__Work instruction__: Repeat the listing below exactly from the line with "Premium Vector of" through its last line. Skip every picture.

__Material provided__:

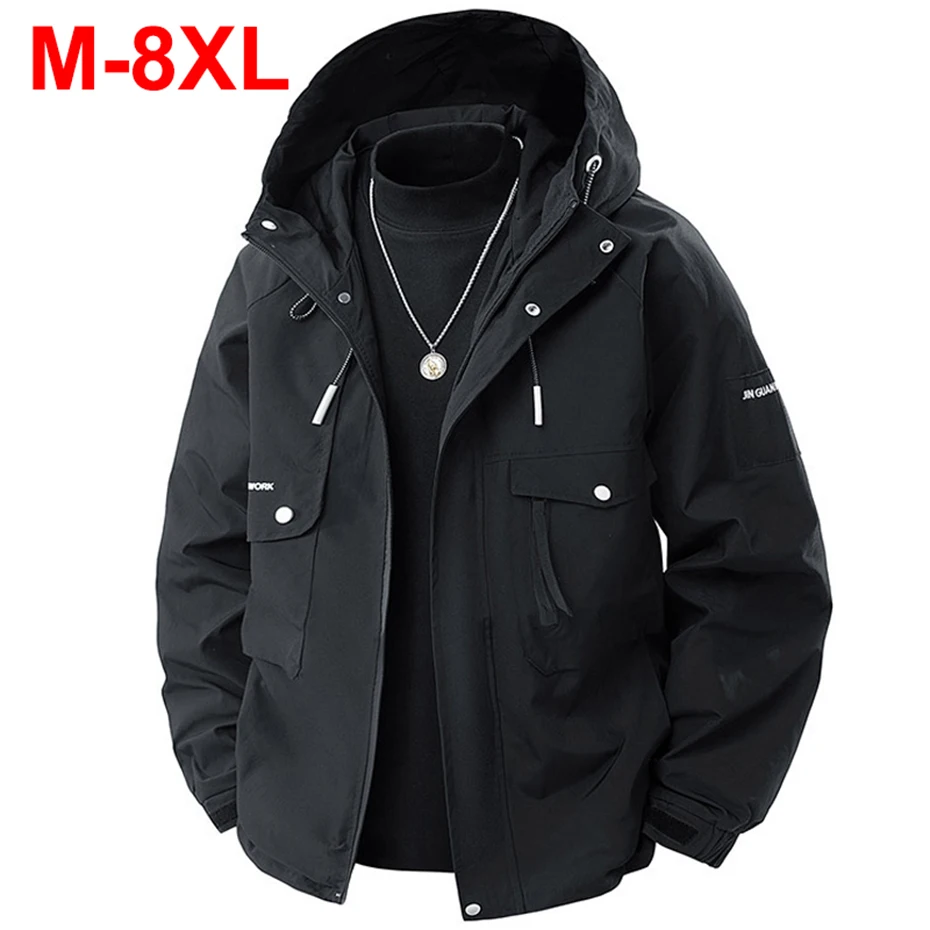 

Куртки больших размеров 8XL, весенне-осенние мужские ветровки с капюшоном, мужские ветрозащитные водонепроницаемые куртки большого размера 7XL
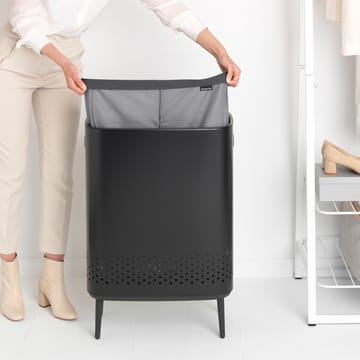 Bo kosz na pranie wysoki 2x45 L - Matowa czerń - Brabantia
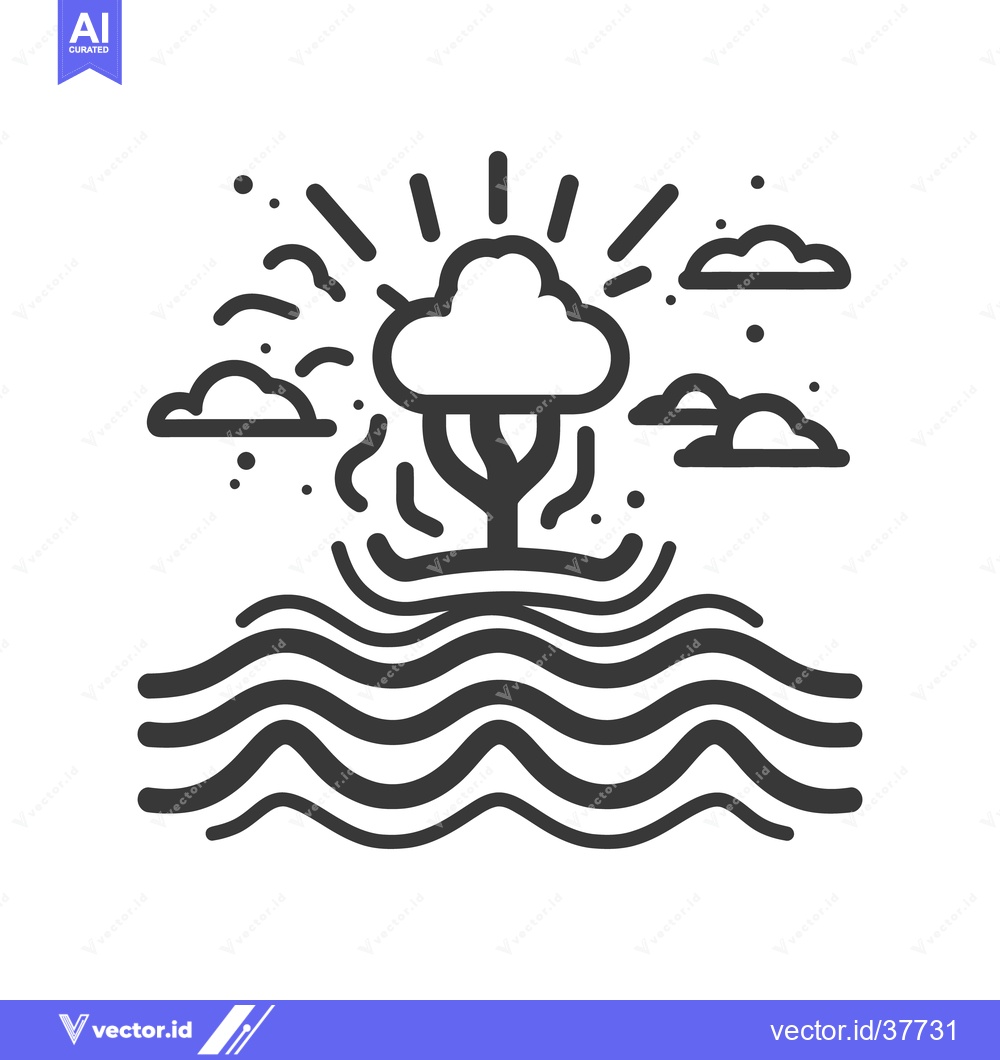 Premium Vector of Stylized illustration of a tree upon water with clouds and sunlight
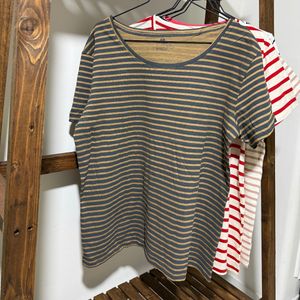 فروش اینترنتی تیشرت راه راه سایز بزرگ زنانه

__Answer to this exercise__:
 Premium Vector of Stylized illustration of a tree upon water with clouds and sunlight
 فروش اینترنتی تیشرت راه راه سایز بزرگ زنانه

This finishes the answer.